*TO DO*
Don't include any picture when you restate the data word for word.

=== DATA EXTRACT ===

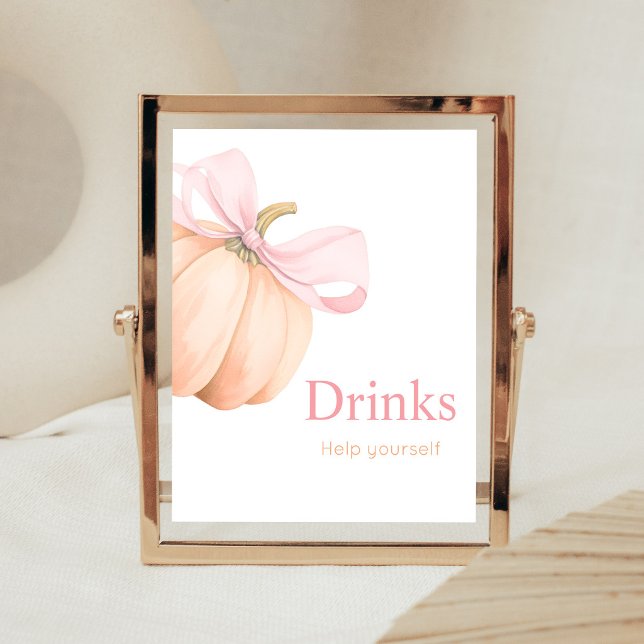 Liten orange pumpa med båge dryckesskylt poster (Bow Pumpkin Baby Shower Drinks Sign)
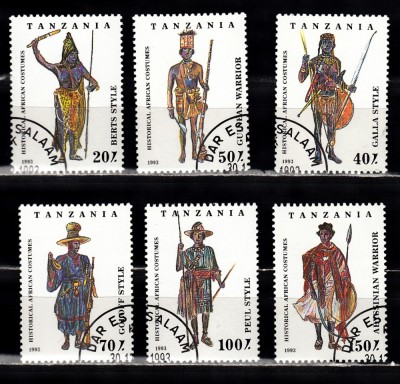 A12 S6 6 - Timbre foart vechi - Tanzania - luptatori bastinasi foto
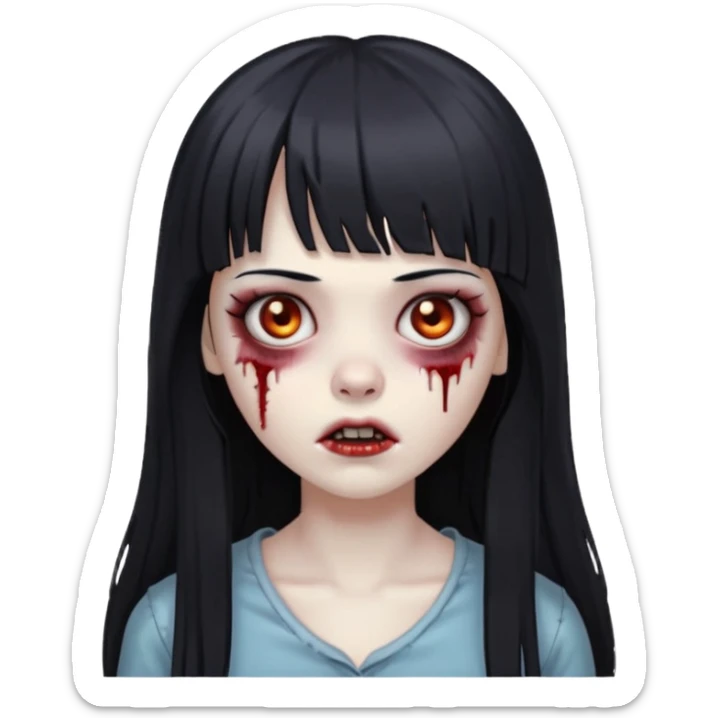 faça o emoji de uma menina zumbi de cabelos longos pretos com franja sticker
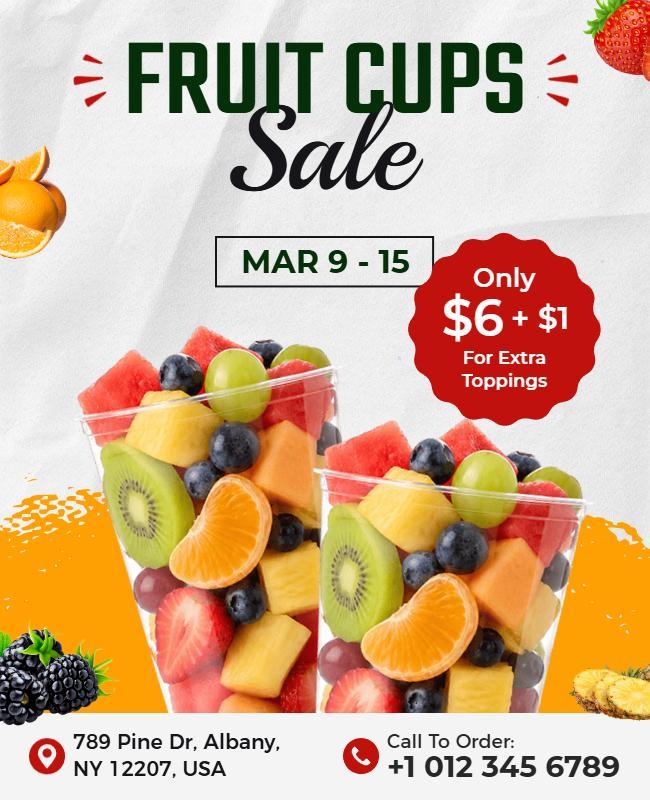 Fresh Fruit Cups Promotional Sale Poster Template
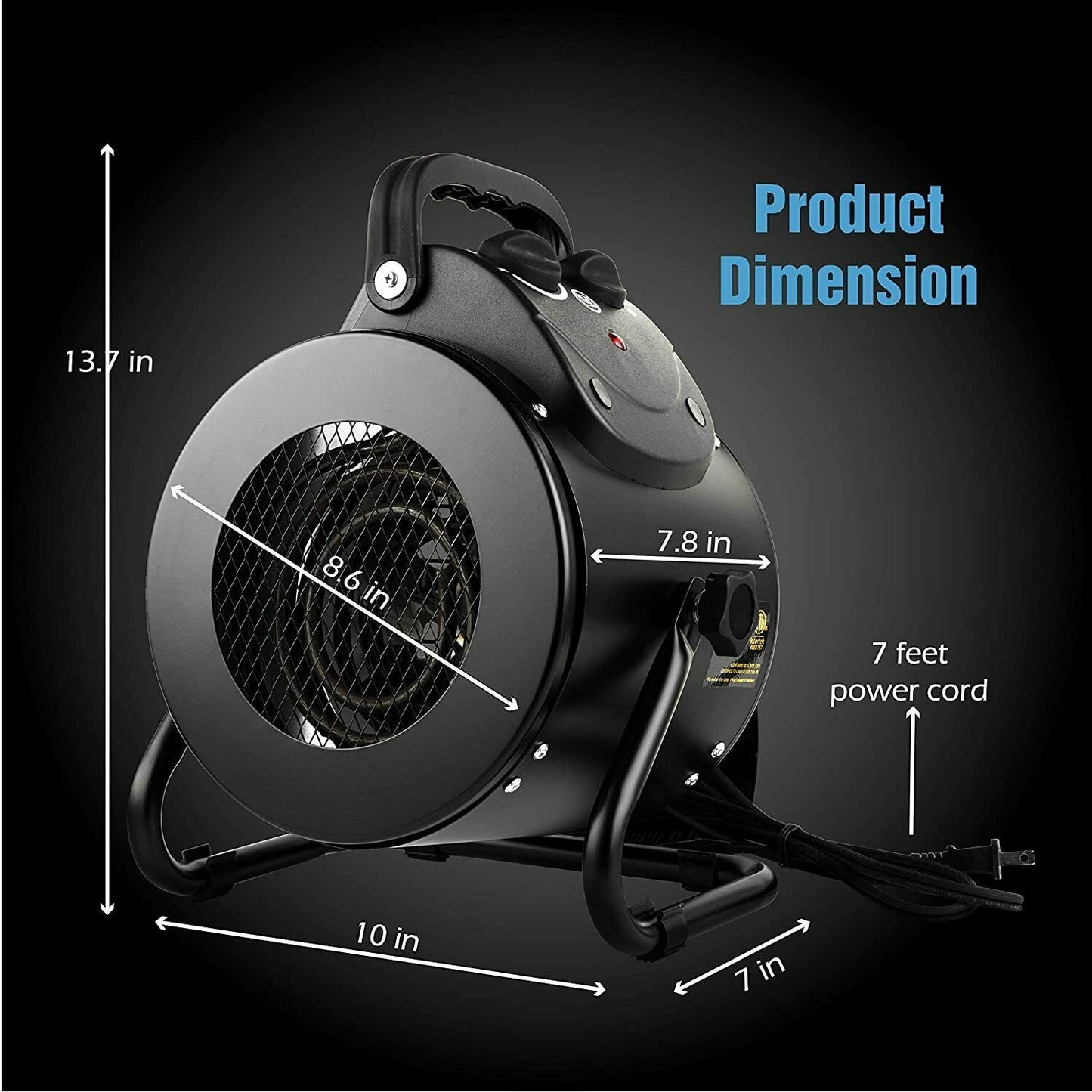 Space Heater for Greenhouse with Splash Resistance and Analog Thermostat, 1500W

===

*YOUR RESPONSE*
 Liten orange pumpa med båge dryckesskylt poster (Bow Pumpkin Baby Shower Drinks Sign)
 A12 S6 6 - Timbre foart vechi - Tanzania - luptatori bastinasi foto
 faça o emoji de uma menina zumbi de cabelos longos pretos com franja sticker
 Fresh Fruit Cups Promotional Sale Poster Template
 Space Heater for Greenhouse with Splash Resistance and Analog Thermostat, 1500W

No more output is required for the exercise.